New machine learning company Cardinal Analytx closed a $6.1 million Series A financing round to fund the development of its healthcare technology with data science, engineering and clinical capabilities. Investors included Cardinal Partners, Premera Blue Cross and the Stanford-StartX Fund.
To reduce the costs associated with health insurance, the company developed a machine learning platform that uses artificial intelligence-based predictive modeling and intervention recommendations to identify potential high-cost members and provide customized medical recommendations. The information allows care managers and clinical teams to anticipate and prevent situations leading to high healthcare costs like surgeries or hospital stays.
“Unexpected increases in healthcare costs that result from potentially dangerous and expensive medical conditions can have a lasting effect,” CEO Thomas McKinley said in a press release. “Conventional analytic approaches have identified existing high-cost enrollees, but that’s already too late and does not effectively address prevention. Cardinal Analytx’s approach looks for members who are likely to have serious medical events before they occur and then outlines a clinical intervention plan to mitigate escalating health concerns before the onset.”

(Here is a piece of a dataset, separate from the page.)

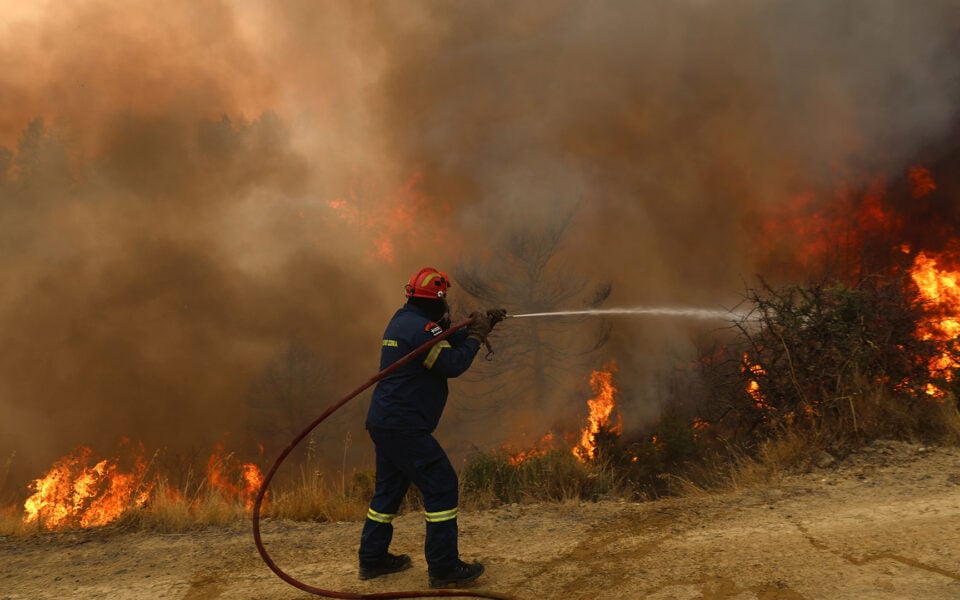 Sate din Grecia evacuate din cauza unui incendiu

To test the solution, Cardinal Analytx partnered on a pilot program with Premera Blue Cross to analyze the data from 1.4 million members and predict new high-cost members for the next year. The technology was able to accurately predict individuals who would become high-cost members, 67% of which were not identified by other approaches.
“Cardinal Analytx enabled us to better predict which members could benefit from early interventions and provide effective recommendations to engage them in healthier behaviors,” Premera Blue Cross’s executive vice president of healthcare services Dr. John Espinola said in the statement. “The pilot results were outstanding, compelling us to invest in a team and company that is on the cusp of transforming how we help patients who need it the most.”
The company came out of the Stanford University-affiliated StartX startup accelerator and was founded by doctors and Stanford professors Arnie Milstein and Nigam Shah — whose research found that only 10% of insurance enrollees make up 70% of healthcare spending and that 60% of high-cost members were not high-cost the previous year.
“Our goal is to bring precision to the practice of medicine by coupling a machine’s accuracy with a human’s judgment and intuition,” Shah said.